# OMG! I got a ride from Boris Said in the FINA McLaren F1 car!



## SergioK (Aug 14, 2002)

How I loved hearing that sound during lunch yesterday!


----------



## mwette (Sep 16, 2002)

Gald you had fun. If anyone here deserves it, it's you.


----------



## Mdk330i (Feb 24, 2002)

Dave Mecey said for his ride they were going 167 on the oval and 140's in the infield. Crazy!!

Here's my pics:


----------



## scottn2retro (Mar 20, 2002)

SergioK said:


> Damn Scott, you pull out all the stops! ... and I 'think' my name was called for the raffle... but I was too tired to sit in the car.
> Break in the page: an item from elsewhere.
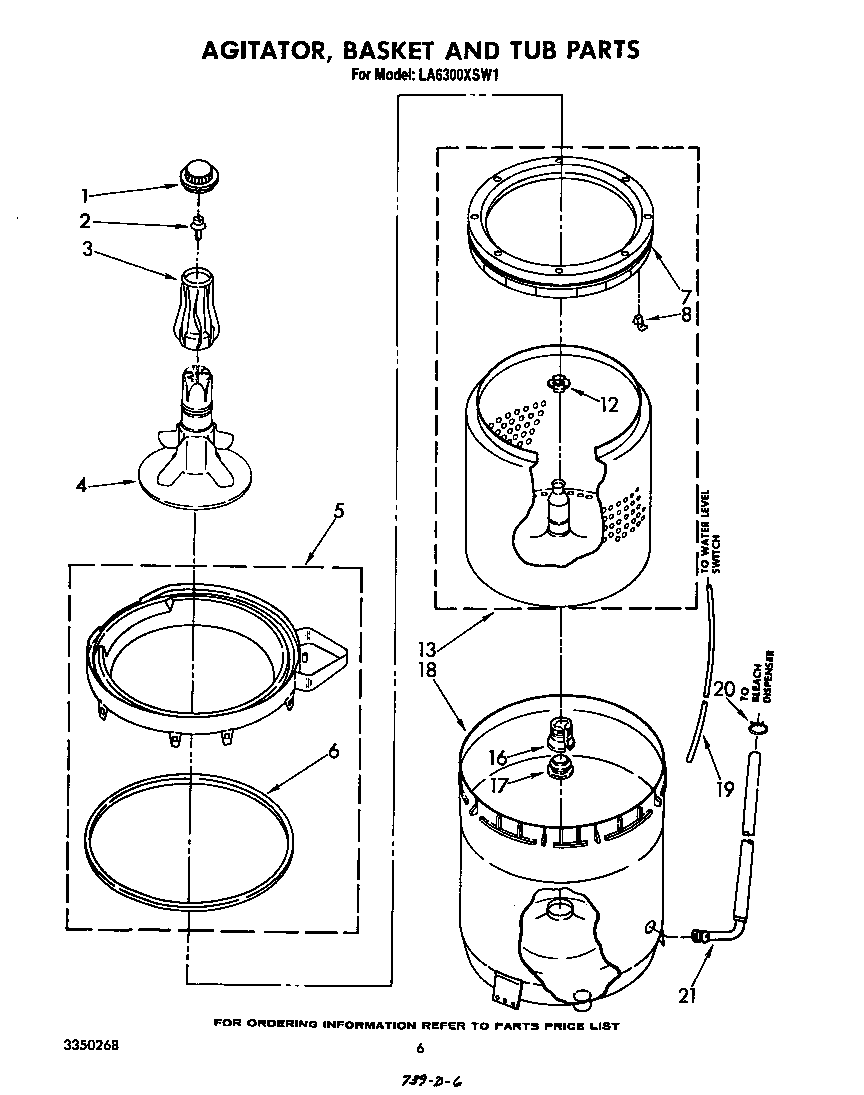 Whirlpool LA6300XSW1 agitator, basket and tub diagram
Hehe, one of your co-instructors was trying to buy my spot in line 

I think Ken (from EvoSport) would like a turn as I wait for take-off


----------



## Raffi (May 18, 2002)

LUCKY LUCKY SCOTT! :thumbup:


----------



## DrivingMaryland (Jun 16, 2004)

simply amazing, congrats! :thumbup:


----------



## scottn2retro (Mar 20, 2002)

binaryfarms said:


> No raffle win for me, but I did get some pics and video. Doesn't capture the sound of the cars - it was deafening (in a good way) and rattled your lungs. Awesome - thanks to BMW and the CCA for bringing the cars and especially the drivers!
> 
> http://www.binaryfarms.com/Videos/oFestRaceCars.wmv
> http://members14.clubphoto.com/melanie580630/2455033/guest.phtml


Great video! Thanks for capturing it :thumbup: :bigpimp:


----------



## car_for_mom (Jul 15, 2002)

Hey, Scott, it was great to see you too at the California Speedway! (man, what did I look like after that ride?????  : puke: )
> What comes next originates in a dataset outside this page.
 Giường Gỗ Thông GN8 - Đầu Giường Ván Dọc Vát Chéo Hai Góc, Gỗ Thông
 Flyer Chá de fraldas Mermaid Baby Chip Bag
Hope you don't mind, but I posted a link to your posting here at Car and Driver (just to make them all jealous :angel: )


----------



## scottn2retro (Mar 20, 2002)

car_for_mom said:


> Hey, Scott, it was great to see you too at the California Speedway! (man, what did I look like after that ride?????  : puke: )
> 
> Hope you don't mind, but I posted a link to your posting here at Car and Driver (just to make them all jealous :angel: )


That's great - did you get to do a ride as well? If so, in which car and who drove?


----------



## Tommy Vercetti (Jul 11, 2004)

I met Boris once in line for a porta potty. I was at a truck race when he was trying his hand at NASCAR Trucks. I had a pit pass so I was just tooling around and my bladder was sending urgent msgs to me about getting rid of some budweiser I collected. Anyway I was heading to a porta thingy and I had a M3 Champions shirt on and I hear someone behind me say thats the wrong shirt to wear at a Truck race. I turn around and its Boris I was like OMG ! , we chatted a few minutes and what was funny was no one around seemed to know who he was, dumb NASCAR crowd, he said I was the only one who asked for an autograph all weekend. Anyway very cool guy and nice sinse of dry humor as he cracked on all the drunk fat Little E fans walking around w/ the Little E shirts, socks, hats , coolers, etc.. he asked if I knew anybody in merchandise mkting. Umm no sorry.


----------